- WHAT IS EXPECTED: Could you retype exactly the lines running from the line with "Colorful Evil Eye" to the end of the data, both included, and nothing else?

- EXTRACTED DATA:
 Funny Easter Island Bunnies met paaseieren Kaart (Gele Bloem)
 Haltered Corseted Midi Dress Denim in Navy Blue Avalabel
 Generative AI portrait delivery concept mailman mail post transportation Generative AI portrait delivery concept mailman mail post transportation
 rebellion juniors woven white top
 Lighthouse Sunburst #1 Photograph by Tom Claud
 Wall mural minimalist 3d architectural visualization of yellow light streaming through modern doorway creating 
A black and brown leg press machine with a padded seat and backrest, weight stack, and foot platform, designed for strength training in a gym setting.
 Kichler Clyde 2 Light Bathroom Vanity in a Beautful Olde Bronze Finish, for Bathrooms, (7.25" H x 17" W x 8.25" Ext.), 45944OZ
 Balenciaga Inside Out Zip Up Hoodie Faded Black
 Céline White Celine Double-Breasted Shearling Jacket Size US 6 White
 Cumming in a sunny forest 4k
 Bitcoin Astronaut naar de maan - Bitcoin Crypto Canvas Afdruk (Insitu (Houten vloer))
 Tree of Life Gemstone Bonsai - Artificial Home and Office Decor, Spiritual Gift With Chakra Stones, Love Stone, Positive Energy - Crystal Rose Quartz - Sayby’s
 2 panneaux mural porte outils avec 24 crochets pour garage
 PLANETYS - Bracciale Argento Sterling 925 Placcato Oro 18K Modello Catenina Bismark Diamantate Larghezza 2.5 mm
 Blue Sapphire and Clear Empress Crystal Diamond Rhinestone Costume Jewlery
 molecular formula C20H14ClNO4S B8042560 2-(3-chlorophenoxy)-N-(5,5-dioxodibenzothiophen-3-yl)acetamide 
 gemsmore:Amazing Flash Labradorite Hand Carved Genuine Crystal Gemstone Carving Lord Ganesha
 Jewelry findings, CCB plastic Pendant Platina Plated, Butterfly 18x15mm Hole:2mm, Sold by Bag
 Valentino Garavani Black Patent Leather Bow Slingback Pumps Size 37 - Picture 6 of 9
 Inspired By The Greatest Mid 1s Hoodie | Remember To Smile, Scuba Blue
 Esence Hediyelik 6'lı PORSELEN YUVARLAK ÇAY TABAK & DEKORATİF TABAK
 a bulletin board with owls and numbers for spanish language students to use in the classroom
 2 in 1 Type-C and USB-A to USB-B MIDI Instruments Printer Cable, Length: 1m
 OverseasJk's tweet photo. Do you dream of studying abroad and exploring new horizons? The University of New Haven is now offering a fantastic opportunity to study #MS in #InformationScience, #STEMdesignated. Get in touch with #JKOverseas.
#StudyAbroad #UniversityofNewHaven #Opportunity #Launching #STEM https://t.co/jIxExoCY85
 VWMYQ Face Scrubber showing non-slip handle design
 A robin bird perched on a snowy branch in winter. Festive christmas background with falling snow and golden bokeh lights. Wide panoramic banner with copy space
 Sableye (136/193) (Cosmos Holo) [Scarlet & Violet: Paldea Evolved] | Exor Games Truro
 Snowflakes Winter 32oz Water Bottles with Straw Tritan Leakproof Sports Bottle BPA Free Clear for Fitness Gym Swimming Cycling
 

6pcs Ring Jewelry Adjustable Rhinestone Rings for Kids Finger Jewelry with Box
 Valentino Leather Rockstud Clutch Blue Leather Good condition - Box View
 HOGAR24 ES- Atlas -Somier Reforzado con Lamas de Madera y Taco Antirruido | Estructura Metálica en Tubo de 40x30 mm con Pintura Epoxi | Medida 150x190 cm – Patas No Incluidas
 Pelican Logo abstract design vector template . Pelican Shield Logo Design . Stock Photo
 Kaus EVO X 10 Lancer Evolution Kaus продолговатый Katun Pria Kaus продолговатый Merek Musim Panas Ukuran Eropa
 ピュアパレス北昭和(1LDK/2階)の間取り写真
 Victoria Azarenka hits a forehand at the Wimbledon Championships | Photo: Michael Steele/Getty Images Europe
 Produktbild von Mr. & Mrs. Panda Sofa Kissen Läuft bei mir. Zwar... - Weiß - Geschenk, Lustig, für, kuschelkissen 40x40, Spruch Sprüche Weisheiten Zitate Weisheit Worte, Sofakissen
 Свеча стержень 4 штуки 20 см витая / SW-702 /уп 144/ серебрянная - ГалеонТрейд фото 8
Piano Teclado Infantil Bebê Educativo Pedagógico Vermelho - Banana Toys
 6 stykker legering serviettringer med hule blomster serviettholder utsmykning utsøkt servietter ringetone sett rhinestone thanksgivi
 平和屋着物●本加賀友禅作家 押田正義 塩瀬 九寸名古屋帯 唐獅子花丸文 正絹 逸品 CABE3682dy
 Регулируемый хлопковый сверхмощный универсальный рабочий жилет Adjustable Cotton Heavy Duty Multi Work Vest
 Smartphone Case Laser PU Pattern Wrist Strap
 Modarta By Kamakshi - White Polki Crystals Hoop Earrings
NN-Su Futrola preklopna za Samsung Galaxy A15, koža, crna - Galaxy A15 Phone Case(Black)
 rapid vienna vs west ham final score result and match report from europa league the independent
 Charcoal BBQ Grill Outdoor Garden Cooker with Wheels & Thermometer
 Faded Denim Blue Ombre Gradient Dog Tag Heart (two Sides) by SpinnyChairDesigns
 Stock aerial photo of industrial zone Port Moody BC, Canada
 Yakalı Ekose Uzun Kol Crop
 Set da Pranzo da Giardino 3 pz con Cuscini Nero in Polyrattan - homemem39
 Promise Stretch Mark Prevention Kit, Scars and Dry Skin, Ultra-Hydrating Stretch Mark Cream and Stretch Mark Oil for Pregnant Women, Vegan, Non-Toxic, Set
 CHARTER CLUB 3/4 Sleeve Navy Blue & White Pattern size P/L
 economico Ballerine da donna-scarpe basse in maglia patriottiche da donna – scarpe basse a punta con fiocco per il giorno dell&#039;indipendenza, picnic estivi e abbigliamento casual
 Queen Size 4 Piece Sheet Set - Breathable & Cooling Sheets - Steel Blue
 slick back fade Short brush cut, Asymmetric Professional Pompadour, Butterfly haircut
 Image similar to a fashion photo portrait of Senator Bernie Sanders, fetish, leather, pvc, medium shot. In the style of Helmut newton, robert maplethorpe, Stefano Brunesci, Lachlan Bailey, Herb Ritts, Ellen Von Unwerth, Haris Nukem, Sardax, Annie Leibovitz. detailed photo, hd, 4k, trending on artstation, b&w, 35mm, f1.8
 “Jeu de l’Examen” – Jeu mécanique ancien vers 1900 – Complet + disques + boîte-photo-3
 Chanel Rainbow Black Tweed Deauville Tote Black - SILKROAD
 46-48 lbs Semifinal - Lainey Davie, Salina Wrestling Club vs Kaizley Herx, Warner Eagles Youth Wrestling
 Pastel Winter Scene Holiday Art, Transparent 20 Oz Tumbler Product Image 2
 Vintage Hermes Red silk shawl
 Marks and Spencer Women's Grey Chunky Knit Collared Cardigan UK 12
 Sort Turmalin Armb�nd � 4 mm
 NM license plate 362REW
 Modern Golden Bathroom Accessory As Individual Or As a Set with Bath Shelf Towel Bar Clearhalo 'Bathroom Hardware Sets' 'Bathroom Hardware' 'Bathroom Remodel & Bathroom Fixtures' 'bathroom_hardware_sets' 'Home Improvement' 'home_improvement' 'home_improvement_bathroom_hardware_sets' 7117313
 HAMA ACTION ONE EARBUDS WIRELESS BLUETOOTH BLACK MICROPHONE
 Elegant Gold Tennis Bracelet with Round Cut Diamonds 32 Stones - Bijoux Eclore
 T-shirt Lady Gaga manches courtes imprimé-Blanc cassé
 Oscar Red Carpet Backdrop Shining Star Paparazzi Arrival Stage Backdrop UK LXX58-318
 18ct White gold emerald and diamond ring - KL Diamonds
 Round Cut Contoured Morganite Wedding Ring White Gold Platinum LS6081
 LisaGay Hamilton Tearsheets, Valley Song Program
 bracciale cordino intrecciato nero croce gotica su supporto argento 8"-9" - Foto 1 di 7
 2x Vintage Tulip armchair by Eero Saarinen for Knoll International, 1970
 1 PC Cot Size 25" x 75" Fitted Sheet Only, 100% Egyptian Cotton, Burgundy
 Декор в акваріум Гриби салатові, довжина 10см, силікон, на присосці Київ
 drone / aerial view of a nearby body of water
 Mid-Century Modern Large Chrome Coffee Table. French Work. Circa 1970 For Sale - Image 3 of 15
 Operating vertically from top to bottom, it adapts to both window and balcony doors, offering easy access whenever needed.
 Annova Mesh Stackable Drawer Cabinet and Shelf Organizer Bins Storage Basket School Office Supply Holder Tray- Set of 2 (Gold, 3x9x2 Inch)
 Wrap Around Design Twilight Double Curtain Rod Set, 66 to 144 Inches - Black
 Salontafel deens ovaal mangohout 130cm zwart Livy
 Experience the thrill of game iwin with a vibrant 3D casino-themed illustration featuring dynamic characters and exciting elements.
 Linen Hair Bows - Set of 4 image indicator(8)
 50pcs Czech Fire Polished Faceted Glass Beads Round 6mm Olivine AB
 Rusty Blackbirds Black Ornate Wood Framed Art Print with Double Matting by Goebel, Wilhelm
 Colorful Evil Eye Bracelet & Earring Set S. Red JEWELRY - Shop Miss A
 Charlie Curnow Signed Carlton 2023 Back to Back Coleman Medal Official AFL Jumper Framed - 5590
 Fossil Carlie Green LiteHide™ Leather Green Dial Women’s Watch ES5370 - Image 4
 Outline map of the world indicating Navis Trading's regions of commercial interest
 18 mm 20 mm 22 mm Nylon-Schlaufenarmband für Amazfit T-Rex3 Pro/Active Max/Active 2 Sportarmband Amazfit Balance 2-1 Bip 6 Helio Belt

- EXERCISE RESPONSE:
 Colorful Evil Eye Bracelet & Earring Set S. Red JEWELRY - Shop Miss A
 Charlie Curnow Signed Carlton 2023 Back to Back Coleman Medal Official AFL Jumper Framed - 5590
 Fossil Carlie Green LiteHide™ Leather Green Dial Women’s Watch ES5370 - Image 4
 Outline map of the world indicating Navis Trading's regions of commercial interest
 18 mm 20 mm 22 mm Nylon-Schlaufenarmband für Amazfit T-Rex3 Pro/Active Max/Active 2 Sportarmband Amazfit Balance 2-1 Bip 6 Helio Belt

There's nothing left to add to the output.